According to the Filipino authorities, over 1.4 million doses had been administered in the country as of 18 April. These figures coincide with those of the platform 'Our World in Data', which confirms that 1.15% of the population has already been vaccinated, far from the average of 3.5% in Asia, 3.95% in neighbouring Indonesia and 6.42% in the rest of the world.
The Filipino government has asked the population not to hesitate to receive their injection when their turn comes. As in other parts of the world, the arrival of the vaccines in the country has been accompanied by controversy over the effectiveness and the degree of public trust.
“Misinformation about the vaccines spreading through social media”
The debate has generated “much concern” in the country's Council of Evangelical Churches (PCEC), the main representative body of evangelical communities and a member of the World Evangelical Alliance (WEA).
In a statement, signed by the PCEC's national director, Noel Pantoja, they lament “the misinformation about the vaccines that have been spreading especially through social media” and the misuse of “biblical themes related to the end times to incite fear and panic among Christians”.

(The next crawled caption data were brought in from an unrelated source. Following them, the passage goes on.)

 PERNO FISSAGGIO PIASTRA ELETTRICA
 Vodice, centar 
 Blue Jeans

“We enjoin our evangelical constituents not to pay any attention to, or circulate, unfounded ideas that can only add to people’s burdens and we ask them to consult only reliable sources and authorities, so we can address effectively the spread of irresponsible and potentially harmful claims”, states the PCEC.

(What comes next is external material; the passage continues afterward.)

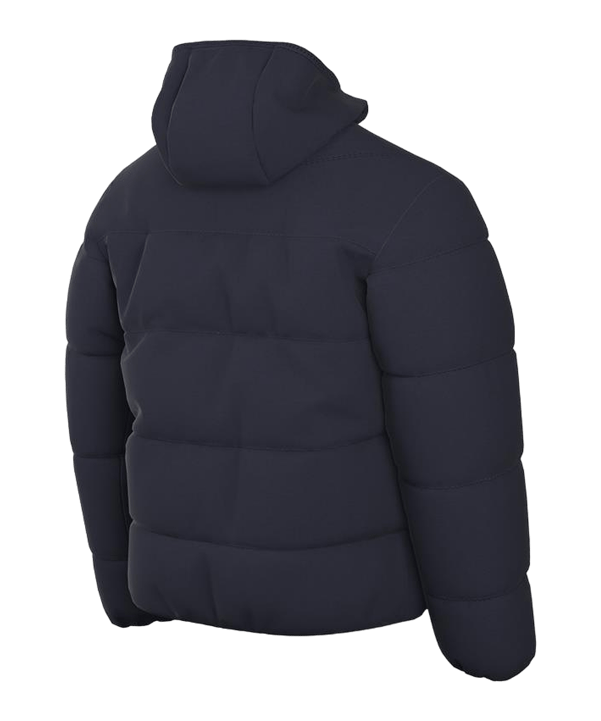 Nike TF Academy Pro 24 Allwetterjacke Kids F451 - blau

They also “call on the evangelical community and all men and women of faith, to join hands in imploring God for His divine and mighty intervention in this time of great crisis”.
With an economy primarily based on tourism, the Philippines experienced a drop in GDP growth from six points in 2019 to -9.5 in 2020, according to the International Monetary Fund (IMF).
Evangelicals support vaccines and new coronavirus treatments
The evangelical entity stresses that the vaccine “will prevent people from getting seriously sick when infected with the virus”, and it can also “reduce mortality rates and helps in stopping the pandemic”.
“Health and medical authorities headed by the World Health Organisation (WHO), strongly endorse Covid-19 vaccination, which they haven proven to be a safe and effective way of managing the pandemic”, they add.
Given the slow progress of vaccination, the government has started clinical trials of different drugs on Covid-19 patients to determine their efficacy. Those include Ivermectin, which is used in humans for some parasite and skin conditions, such as rosacea, and in animals for nematodes, ticks and scabies. The use of Ivermectin for Covid-19 cases has been rejected by the US Food and Drug Administration (FDA), because they “have received multiple reports of patients who have required medical support and been hospitalized after self-medicating with it”.
The Philippine Food and Drug Administration has also warned that “Ivermectin is not approved by the FDA for treatment of any viral infection. Currently, the registered Ivermectin products in the country for human use are in topical formulations under prescription use only”.
However, the PCEC points out that Ivermectin “has been receiving international and local support as a safe and effective treatment for COVID-19”, so that, “considering the slow vaccine rollout in our country and the increasing number of infections”, they “call on our medical and health authorities to very soon allow the public use of Ivermectin”.